Diesen Anforderungen genügt die Beschwerdebegründung nicht. In ihr wird lediglich behauptet, das Tauschgutachten sei sinngemäß auch dann anzuwenden, wenn zwar kein Tausch vorliege, aber die vom Kläger ursprünglich gehaltene Beteiligung an der Betriebskapitalgesellschaft und die vom Sohn zuletzt gehaltene Beteiligung an dieser Kapitalgesellschaft art-, wert- und funktionsgleich seien. Ob diese Auffassung auch in der Rechtsprechung und/oder der Literatur vertreten wird, zeigt die Beschwerdebegründung nicht auf. Die Kläger berücksichtigen zudem auch nicht, dass die Grundsätze des Tauschgutachtens zwar noch im Streitjahr 1994 zur Anwendung kommen können. Durch das Steuerentlastungsgesetz 1999/2000/2002 hat der Gesetzgeber jedoch in § 6 Abs. 6 Satz 1 des Einkommensteuergesetzes mit Wirkung ab dem Jahr 1999 angeordnet, dass der Tausch von im Betriebsvermögen gehaltenen Einzelwirtschaftsgütern zur Aufdeckung der stillen Reserven führt. In der Gesetzesbegründung ist ausdrücklich ausgeführt, dass das Tauschgutachten nicht mehr anzuwenden ist (Schmidt/Glanegger, EStG, 24. Aufl., § 6 Rz 540 mit Hinweis auf die Gesetzesbegründung). Die Grundsätze des Tauschgutachtens betreffen mithin ausgelaufenes Recht.

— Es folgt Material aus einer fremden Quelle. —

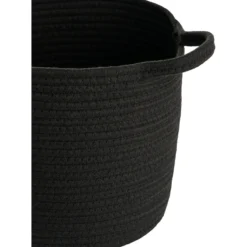 Day kurv rund ø35h29cm m/håndtak assortert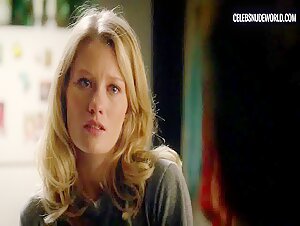 Deborah Ann Woll Sexy, underwear scene in True Blood (2008-2014) 20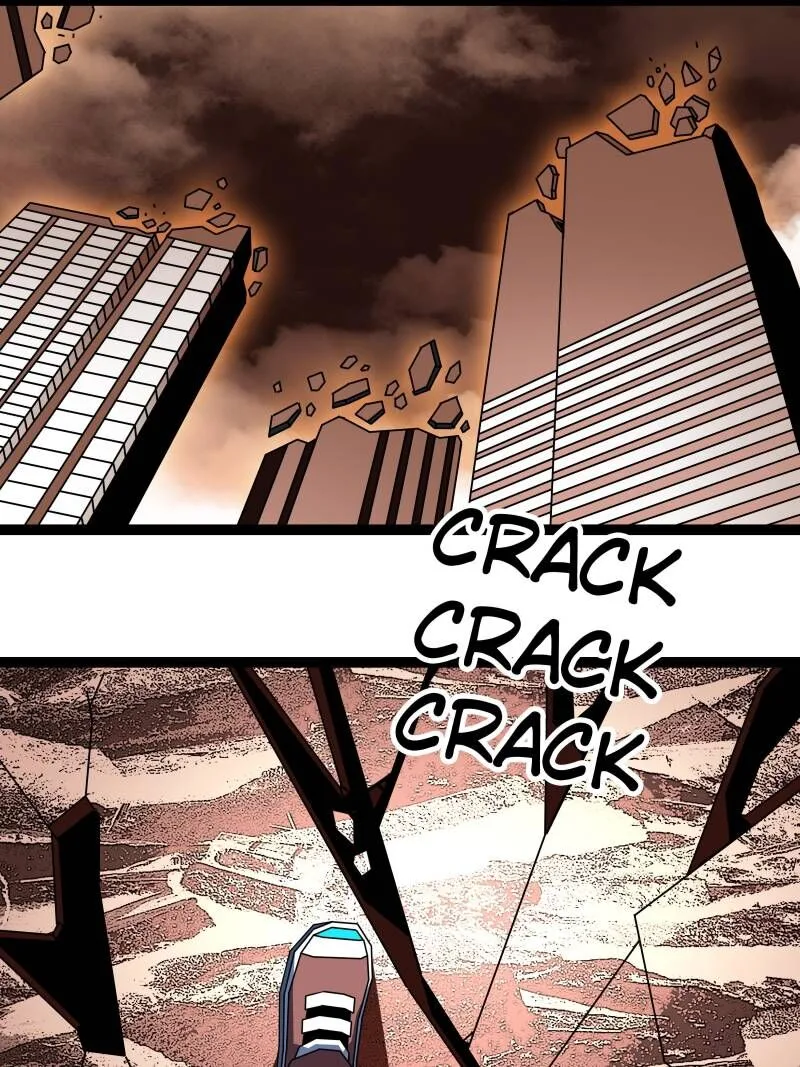 It All Starts With Playing Game Seriously Chapter 174 page 33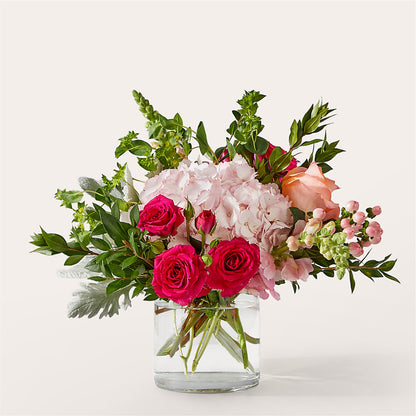 Glitz & Glam Bouquet –  Usa Flowershop Llc, Pompano Beach FL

Soweit die Kläger mit ihrer Beschwerde auch geltend machen wollen, es bedürfe der grundsätzlichen Klärung, dass eine zur Aufdeckung der stillen Reserven führende Entnahme nur vorliege, wenn eine solche vom Entnehmenden gewollt sei, ist die grundsätzliche Bedeutung nicht ausreichend dargelegt. Sie setzen sich insbesondere auch nicht damit auseinander, dass nach der Rechtsprechung eine Entnahme regelmäßig eine Entnahmehandlung voraussetzt, die von einem Entnahmewillen getragen wird (, BFH/NV 2003, 895). Hat ein Steuerpflichtiger bewusst eine Handlung vorgenommen, durch welche die Zugehörigkeit eines Wirtschaftsguts zu seinem Betriebsvermögen gelöst worden ist, dann entfallen die Wirkungen einer damit verbundenen Aufdeckung der stillen Reserven aber nicht deshalb, weil sich der Steuerpflichtige über diese Wirkungen nicht bewusst gewesen ist (, BFHE 207, 549, BStBl II 2005, 160; Schmidt/ Heinicke, a.a.O., § 4 Rz 418).